Following the infiltration of the White House this weekend by 42-year-old Omar Gonzalez, Americans are taking sides on a variety of issues ranging from inadequate care for veterans to the Secret Service’s seeming laxity to the use of lethal force against intruders at the presidential residence. The Washington Post’s Petula Dvorak accuses the men in black of trying to “Anschluss even more public space to expand The Perimeter around 1600 Pennsylvania, amping up the fear and paranoia that already pervade the heart of our nation.” Former Secret Service agent and Maryland congressional candidate Dan Bongino says the president’s guards need more non-lethal weapons. MSNBC host Joe Scarborough says intruders like Gonzalez, who jumped the Pennsylvania Avenue fence and managed to sprint across the lawn and get inside the open door of the White House before being subdued, need to be taken out either by dogs or guards. The Secret Service itself is worried about a human-wave attack on the compound. Gun-restriction advocates are irate that Gonzalez had 800 rounds of ammunition in a car parked blocks from the White House. I’m wondering how Gonzalez found a parking space in Washington.
Although there are many positions to be argued here, Scarborough’s contention, that the president’s security detail needs to put an emphasis on speed over non-violence in eliminating potential threats, seems clearly right. The president is the head of the executive branch of government, and his security is important to the functioning of the state. He stands in loco regis for purposes of political theater, and an attack on him is an attack on the nation’s honor. An unknown number of enemies, whose capacities are also unknown, want to kill him.
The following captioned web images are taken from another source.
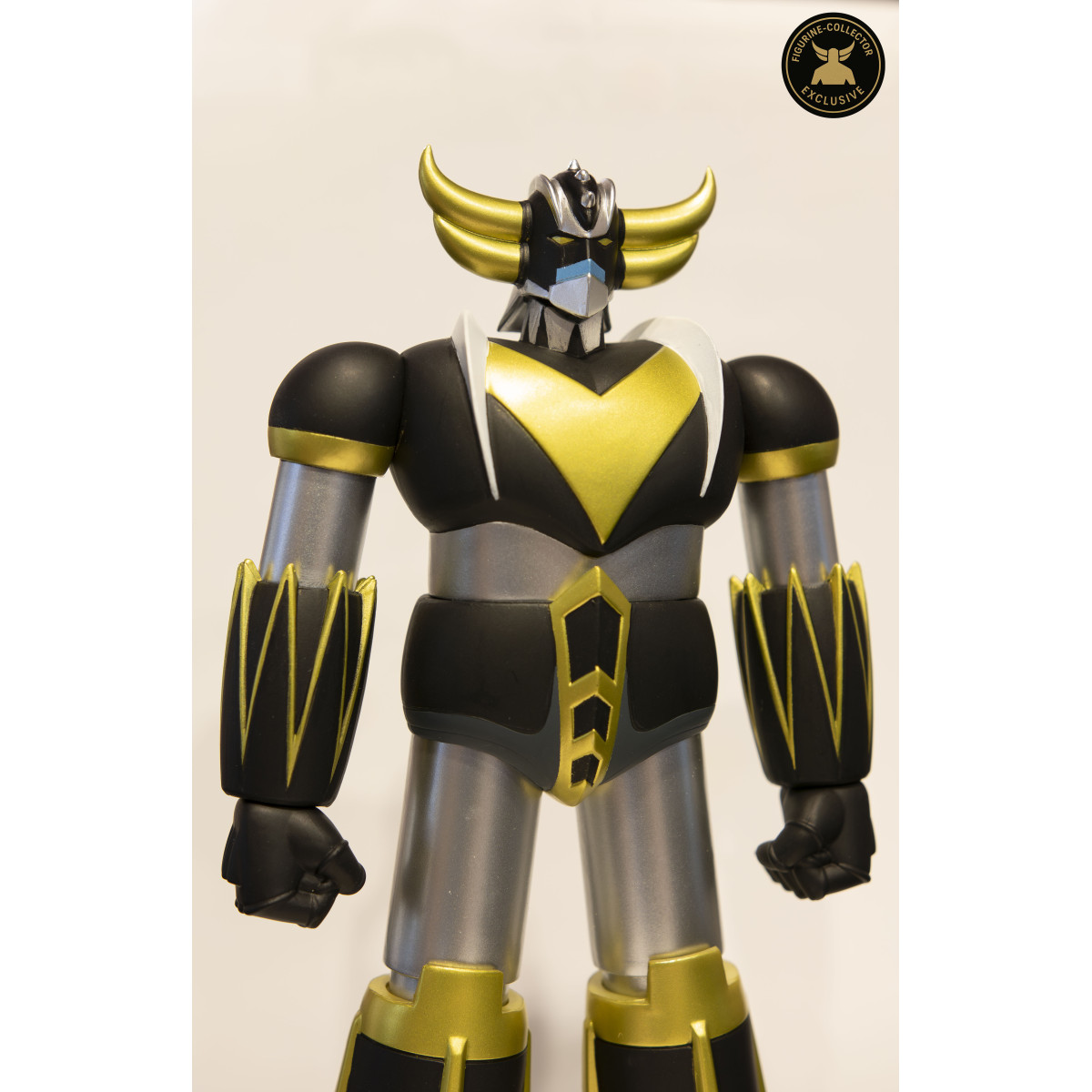 HL Pro - Grendizer Coleccionista de Figuras Exclusivo Negro y Oro - Jumbo Machinder - Shogun Warrior Ufo Robot Grendizer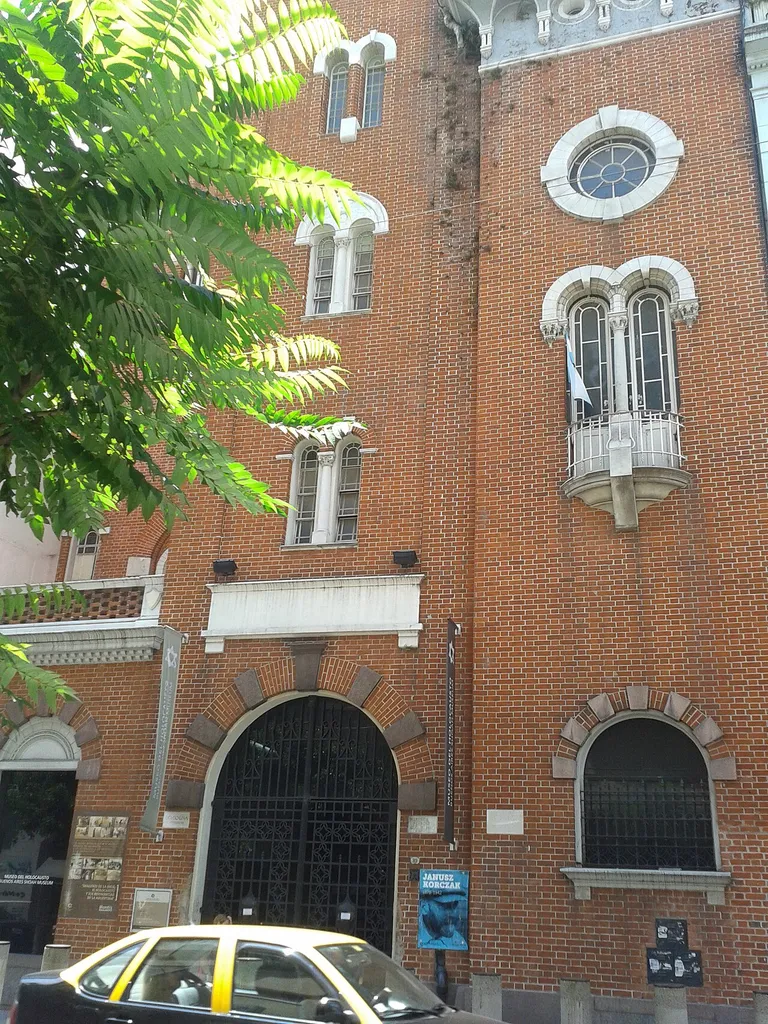 Edificio del Museo del Holocausto en Buenos Aires. Antiguo edificio de la Sub-Usina “Montevideo” de la Compañía Ítalo-Argentina de Electricidad (CIADE). Montevideo 919, Buenos Aires.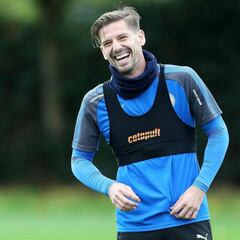 Adrien Silva finally completes Leicester City transfer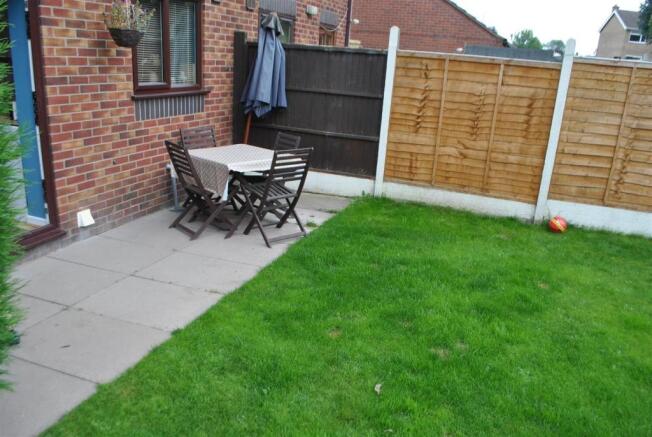 ENCLOSED REAR GARDEN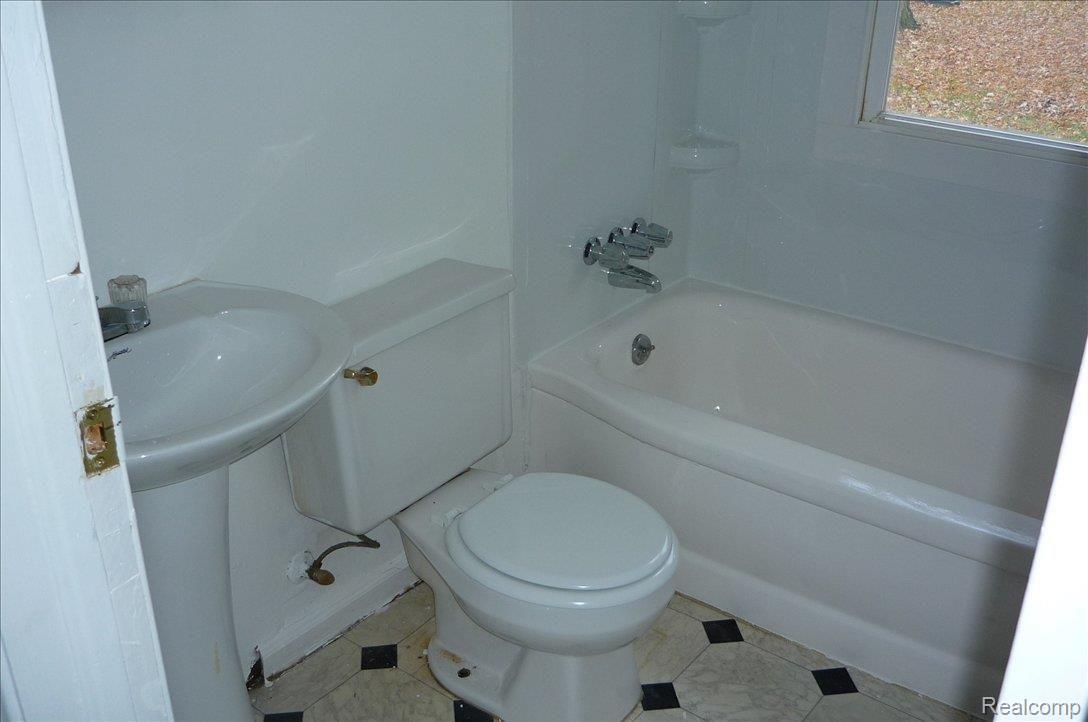 25854 Colgate Street Inkster, MI 48141 - Photo 20 of 25 909 Fairwood 11 9 11 014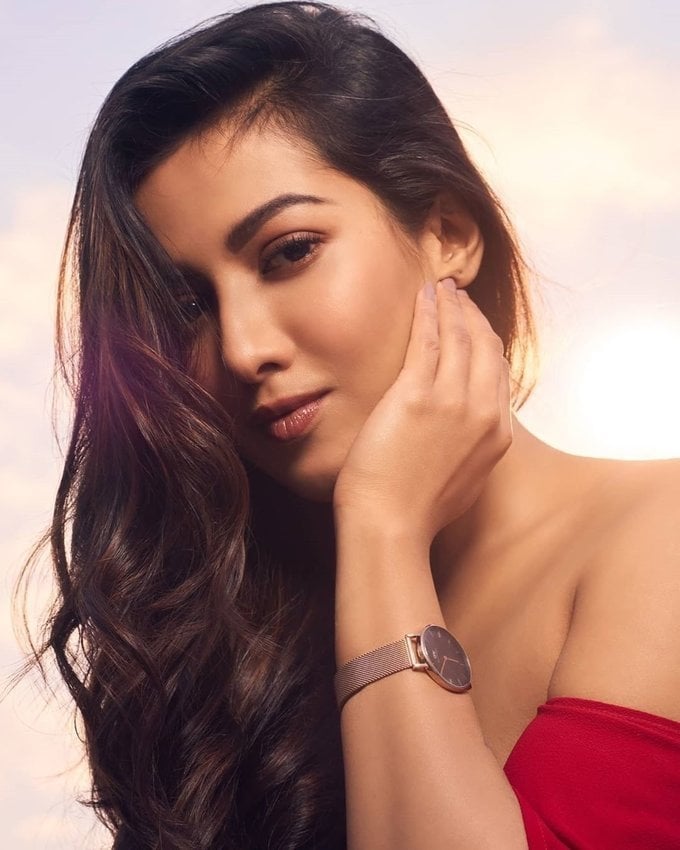 Actress Catherine Tresa Stunning Images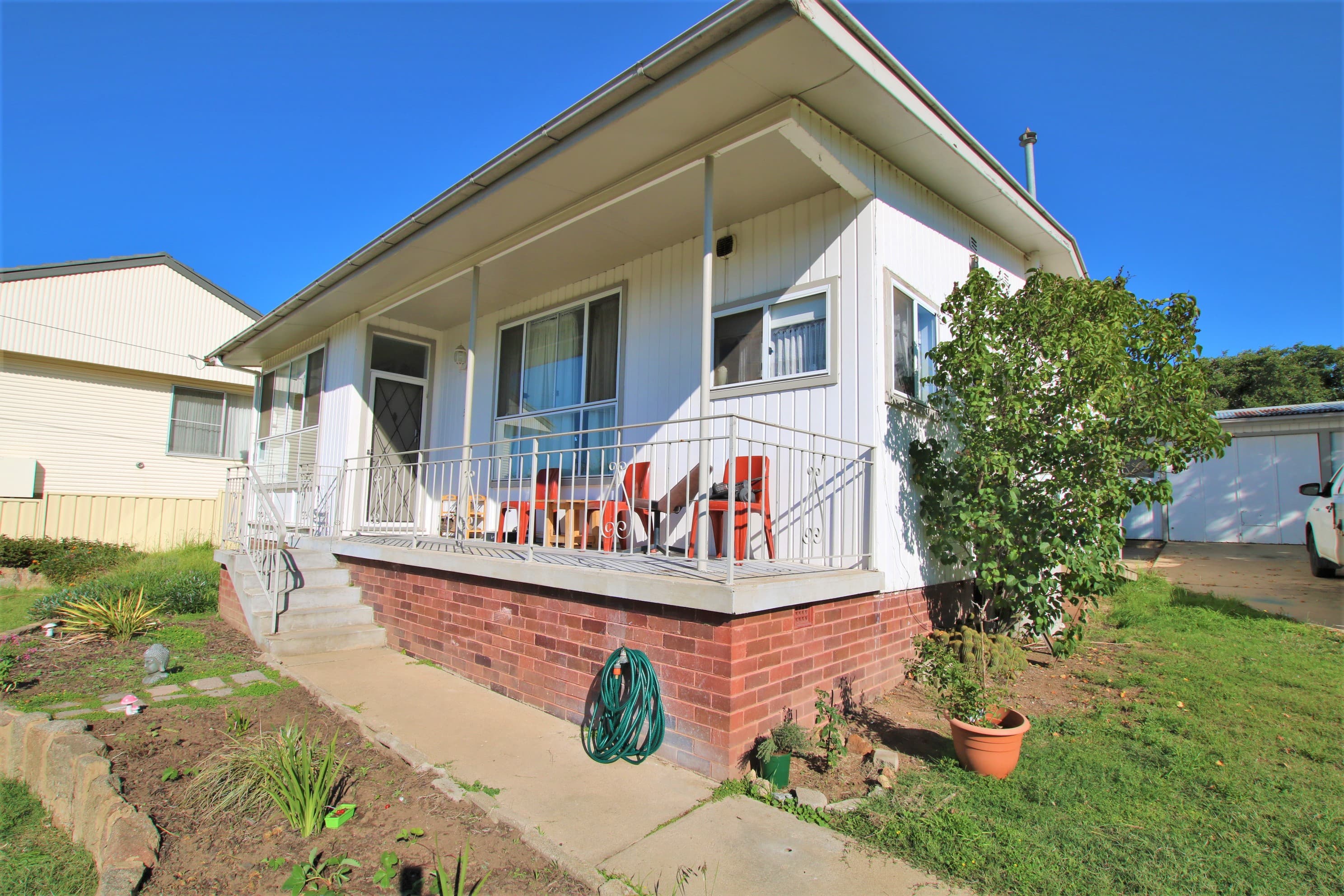 33 Culey Avenue, Cooma, Cooma - Thumbnail 2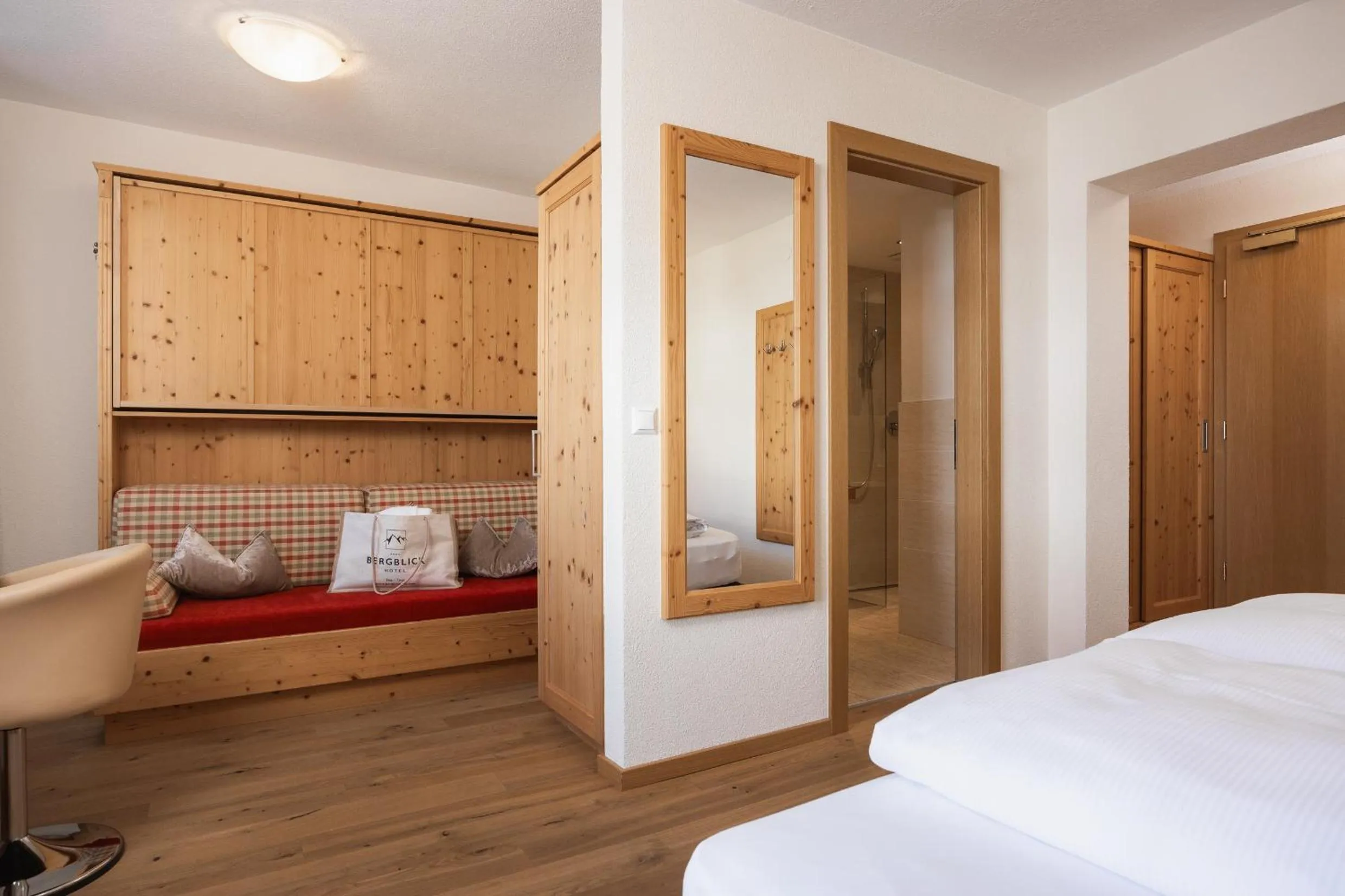 Bedroom, Bed in Hotel Bergblick 4 Sterne Superior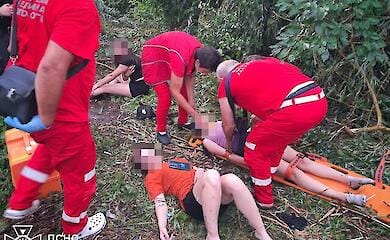 В Одесской области дерево упало на палатку с подростками: один мальчик погиб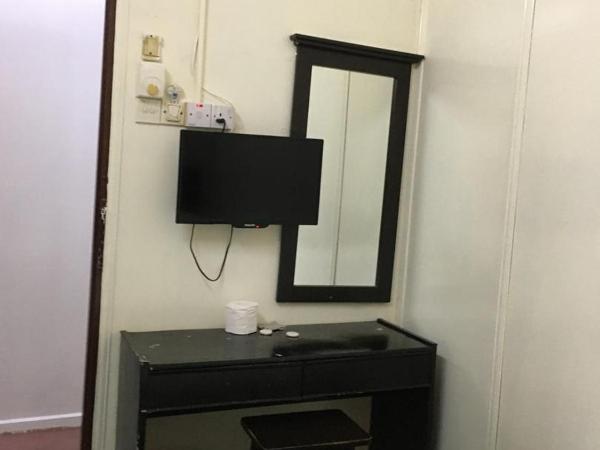 Old Penang Hotel - Trang Road : photo 3 de la chambre chambre lit queen-size avec salle de bains commune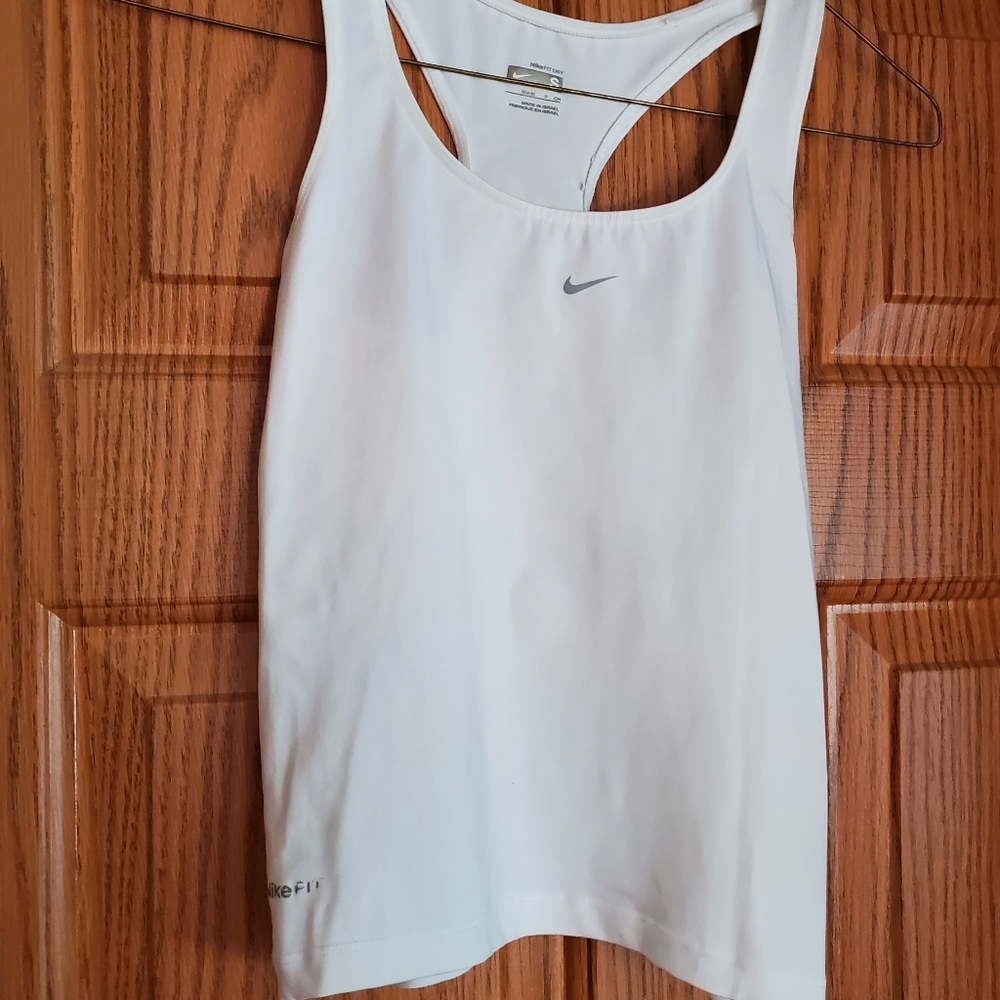 Nike top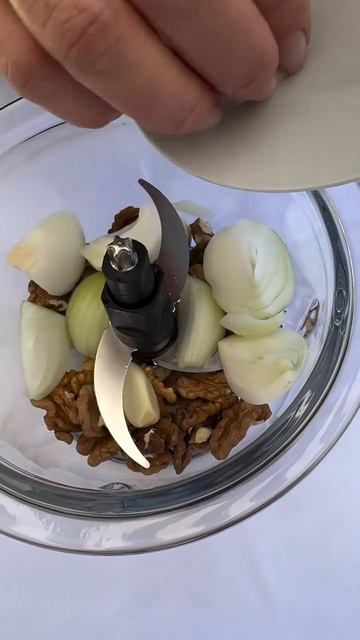 Грузинский салат Ацицили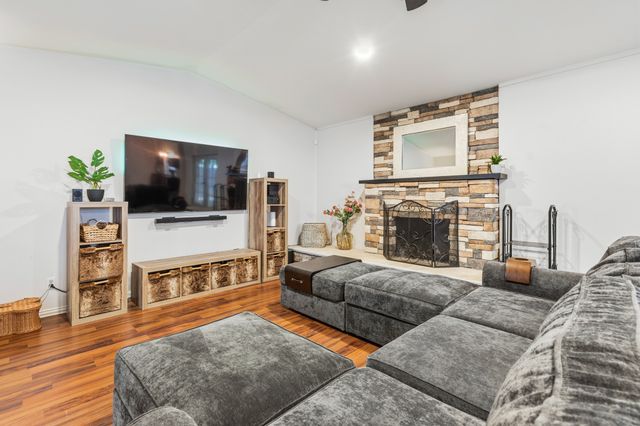 2804 Mintwood Place, Arlington, TX 76016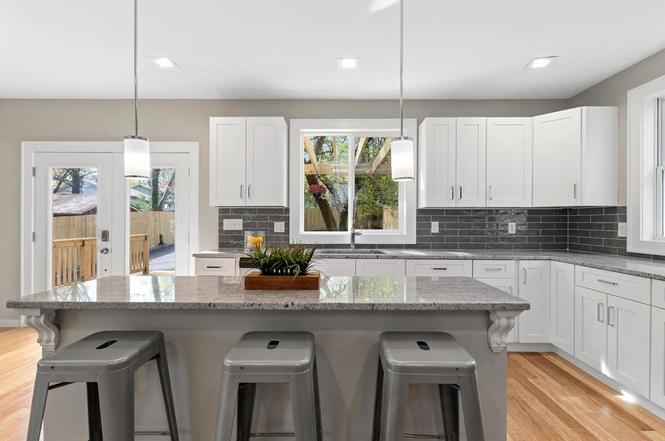 Mount Rainier Kitchen Remodel – Left View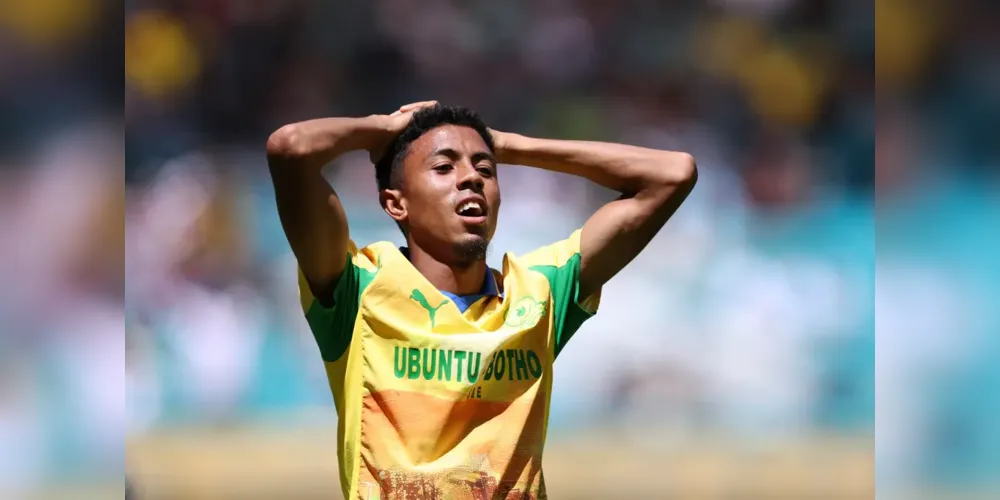 Tashreeq Matthews perdeu uma chance clara ao Sundowns nos primeiros momentos do 1º tempo
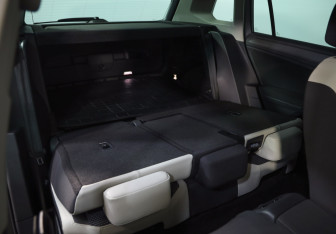 Подержанный автомобиль Volkswagen Tiguan 2020 года (30 фото)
But there’s an even simpler justification: You have a house, with a fence around the house. Somebody who climbs that fence and makes a charge at the house is a trespasser on your property and, within a reasonable degree of certainty, a threat to you. You don’t have to kill that person, and if there are other ways to subdue him or her (almost certainly him), you should do so. But prior to the Second Amendment, prior to the discovery of America, prior to the Magna Carta, you have the right to use violence to defend yourself and your property. While the White House is theoretically the property of the “people” rather than the president, we agree to a legal fiction wherein the president acts as a temporary landlord of 1600 Pennsylvania Avenue. (That’s Pennsylvania Avenue NW, if you’re looking it up on Zillow.)
In elemental defense terms, we can see that the president’s position is in fact much stronger than that of ordinary Americans, who live in a world of never-sleeping thieves, violent ex-husbands, loiterers from local public housing, babbling street people who may choose today as the day to graduate from verbal to physical abuse (actually, the neighborhood of the White House has quite a few of that last type), and the occasional person who just feels like shooting a random piano teacher in her house. The president also doesn’t have to pull the trigger. But someday you might have to.